The metabolomic analysis of lipids points to a striking accumulation of long-chain saturated, monounsaturated, and polyunsaturated (n3 and n6) free fatty acids in adipose tissue. However, in skeletal muscle two long-chain lipids were significantly changed; one was elevated (10-heptadecenoate (17:1n7)) whereas the other was significantly reduced (arachidate (20:0)). Deducing how resveratrol induces the increase in many of the long-chain polyunsaturated fatty acids (n3 and n6) in adipose tissue is complex. Usually these long-chain polyunsaturated fatty acids derive from increased intake of seafood or special plant oils. However, the two essential fatty acids alpha-linolenic acid (ALA; 18:3n3) and linoleic acid (LA; 18:2n6) can be metabolized into longer-chain polyunsaturated fatty acids through a series of desaturation and elongation processes [
23]. The literature describes a gender difference in the conversion of ALA to eicosapentaenoic acid (EPA) and docosahexaenoic acid (DHA), with women having a much higher conversion rate than men [
24,
25]. This difference depends upon sex steroids, and testosterone supplementation to female transsexuals reduced DHA concentration by 22% [
26]. Clearly, this indicates that the enzymes responsible for the desaturation and elongation conversion of ALA to DHA are negatively regulated by androgens. Based on this knowledge, we speculate that resveratrol might stimulate the conversion process of ALA and LA, resulting in an increase in long-chain polyunsaturated fatty acids through the robust reduction in androgen precursors.
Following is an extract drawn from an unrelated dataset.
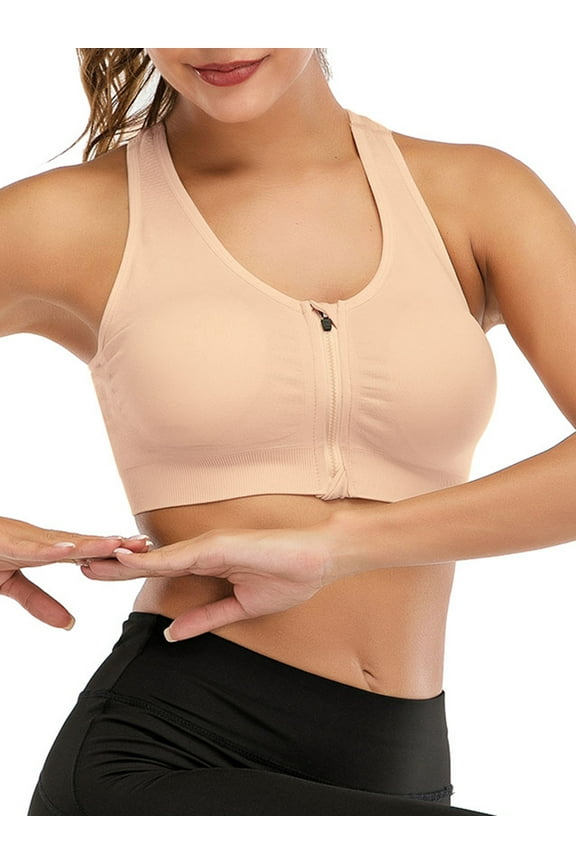 Women's Zip Front Sports Bra Wireless Post-Surgery Bra Active Yoga Sports Bras with Removable Pads Yoga Bras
The health impacts of changes in levels of long-chain polyunsaturated fatty acids are still not fully determined. Long-chain polyunsaturated fatty acids have been associated with a positive effect on insulin signaling via the insulin receptor [
27], and even a minor increase of ALA content in adipose tissue of 1% has been associated with a 5 mmHg decrease in blood pressure [
28]. However, intervention studies providing ALA have yielded conflicting results on blood pressure, cholesterol levels, and triglyceride levels, as reviewed by Baker et al. [
23]. Also, despite the increase in these fatty acids in adipose tissue after resveratrol treatment, no clinically relevant improvements in blood pressure or insulin sensitivity were observed in our study population [
18].
In the adipose tissue we also detected a significant increase in intracellular glycerol and free fatty acids in the resveratrol-treated subjects. In support of this notion, previously published cell culture studies revealed a resveratrol-mediated enhancement of adrenergic stimulated lipolysis in fat cells [
29,
30].
Moreover, resveratrol treatment caused consistent reductions in several dicarboxylic fatty acids in plasma. These lipids can be produced from peroxisomal-mediated degradation of very long chain fatty acids (>22 carbons) and subsequently be metabolized via beta-oxidation. Collectively, a decrease in the dicarboxylic fatty acids in plasma could be a result of increased beta-oxidation in adipose tissue.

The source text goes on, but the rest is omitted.